- Work instruction -
Gather all lines in the records below that include the word "Blue".

- Collection entries -
──────
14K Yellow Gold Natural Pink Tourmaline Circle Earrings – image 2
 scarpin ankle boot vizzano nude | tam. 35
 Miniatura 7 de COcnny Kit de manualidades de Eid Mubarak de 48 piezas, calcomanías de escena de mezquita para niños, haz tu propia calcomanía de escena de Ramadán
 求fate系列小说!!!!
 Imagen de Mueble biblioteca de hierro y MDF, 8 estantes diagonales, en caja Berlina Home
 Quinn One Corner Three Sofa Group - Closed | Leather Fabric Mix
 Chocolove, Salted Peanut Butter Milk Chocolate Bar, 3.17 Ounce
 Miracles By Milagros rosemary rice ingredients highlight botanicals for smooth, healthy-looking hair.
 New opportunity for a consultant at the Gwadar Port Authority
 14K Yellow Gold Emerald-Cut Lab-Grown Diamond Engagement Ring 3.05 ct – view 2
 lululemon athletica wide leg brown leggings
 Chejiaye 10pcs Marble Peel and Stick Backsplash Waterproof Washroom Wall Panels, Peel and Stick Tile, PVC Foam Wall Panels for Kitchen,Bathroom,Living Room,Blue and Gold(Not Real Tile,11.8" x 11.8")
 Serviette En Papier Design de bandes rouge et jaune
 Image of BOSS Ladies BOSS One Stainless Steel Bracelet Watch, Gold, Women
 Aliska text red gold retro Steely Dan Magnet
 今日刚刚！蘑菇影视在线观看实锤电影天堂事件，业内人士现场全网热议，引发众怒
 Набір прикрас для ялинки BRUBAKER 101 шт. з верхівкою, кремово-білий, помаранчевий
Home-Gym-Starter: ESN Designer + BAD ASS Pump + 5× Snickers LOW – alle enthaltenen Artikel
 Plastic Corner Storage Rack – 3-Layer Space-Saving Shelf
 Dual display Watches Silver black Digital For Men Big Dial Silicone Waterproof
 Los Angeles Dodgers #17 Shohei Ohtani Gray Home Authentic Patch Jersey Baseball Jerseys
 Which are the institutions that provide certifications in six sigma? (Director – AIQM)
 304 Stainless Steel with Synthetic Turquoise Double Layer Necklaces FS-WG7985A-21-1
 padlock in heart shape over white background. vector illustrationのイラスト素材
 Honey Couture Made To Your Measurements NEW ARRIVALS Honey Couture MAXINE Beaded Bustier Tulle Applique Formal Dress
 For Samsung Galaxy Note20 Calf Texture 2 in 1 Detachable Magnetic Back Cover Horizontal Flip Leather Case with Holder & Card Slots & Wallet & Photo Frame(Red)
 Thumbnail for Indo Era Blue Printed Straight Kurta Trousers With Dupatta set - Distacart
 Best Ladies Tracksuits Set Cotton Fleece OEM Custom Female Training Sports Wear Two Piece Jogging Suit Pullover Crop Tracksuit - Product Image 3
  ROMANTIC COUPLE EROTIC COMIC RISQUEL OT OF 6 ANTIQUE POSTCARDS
──────
- Solution to this problem -
 Chejiaye 10pcs Marble Peel and Stick Backsplash Waterproof Washroom Wall Panels, Peel and Stick Tile, PVC Foam Wall Panels for Kitchen,Bathroom,Living Room,Blue and Gold(Not Real Tile,11.8" x 11.8")
 Thumbnail for Indo Era Blue Printed Straight Kurta Trousers With Dupatta set - Distacart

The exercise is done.